The architecture of the hybrid CNN-LSTM model is shown below:
This approach works by first using a CNN to extract features and then passing them to an LSTM network, which makes decisions based on the historical data. These two networks complement each other; when only one of them is used (as implemented later), we observe that although they have good accuracy, using both together to compensate for each other's shortcomings results in a more accurate model. The architecture and functionality of this model can be seen more precisely in the figure below:
(different approaches such as last window or all windows can be used and are available in the code, but here we just show the last window approach)
precision | recall | f1-score | support | |
---|---|---|---|---|
0.0 | 0.96 | 0.99 | 0.97 | 75 |
1.0 | 0.96 | 0.88 | 0.92 | 25 |
accuracy | 0.96 | 100 | ||
macro avg | 0.96 | 0.93 | 0.95 | 100 |
weighted avg | 0.96 | 0.96 | 0.96 | 100 |
These two models are also implemented in the code, and their results are available there as well. We wont be showing specific results for each of them here.
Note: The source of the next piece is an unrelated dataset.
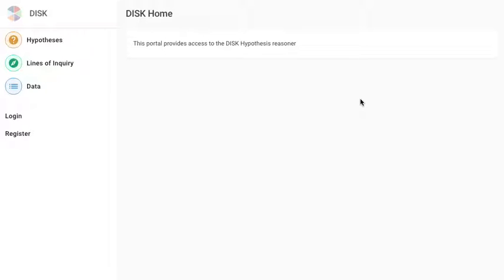Hello, this is the DISC portal and it provides access to the DISC hypotheses reasoner. It is divided into three sections: the hypotheses section, the lines of inquiry section, and the data section.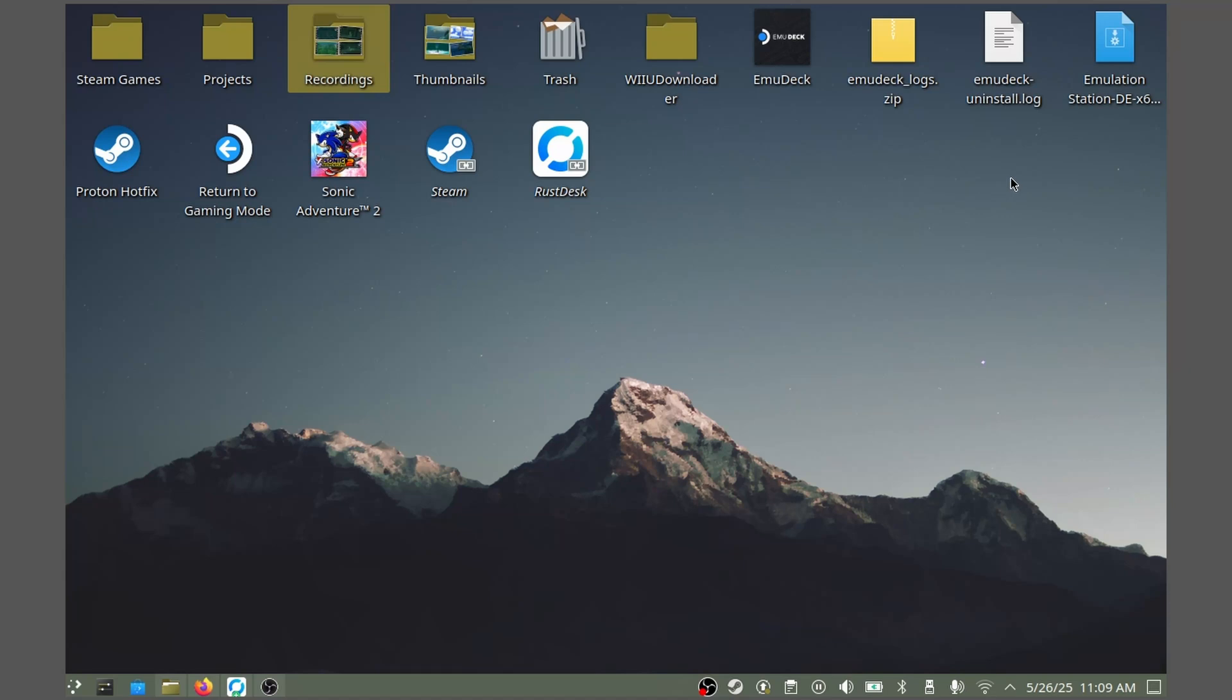Hello everybody, thanks for tuning in. I'm Enjin, and today I'm going to show you how to install Vintage Story on your Steam Deck.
Model | Confusion Matrix | Precision | Recall | AUC |
---|---|---|---|---|
CNN Regression Model | [[75, 0], [10, 15]] | [0.25, 1.0, 1.0] | [1.0, 0.6, 0.0] | 0.800000 |
LSTM Regression Model | [[74, 1], [3, 22]] | [0.25, 0.9565217391304348, 1.0] | [1.0, 0.88, 0.0] | 0.933333 |
Hybrid CNN LSTM Regression Model | [[73, 2], [2, 23]] | [0.25, 0.92, 1.0] | [1.0, 0.92, 0.0] | 0.946667 |
Model | MSE | MAE | RMSE | MAPE |
---|---|---|---|---|
CNN Regression Model | 287.801946 | 14.112710 | 16.964727 | 0.307122 |
LSTM Regression Model | 271.761140 | 11.638843 | 16.485179 | 0.169026 |
Hybrid CNN LSTM Regression Model | 201.009866 | 10.639925 | 14.177795 | 0.154678 |
As observed, the LSTM and CNN models also have acceptable accuracy, but the proposed model performs better in all aspects. This method of combining CNN and LSTM can also be used in other applications, and the results seem to be very promising.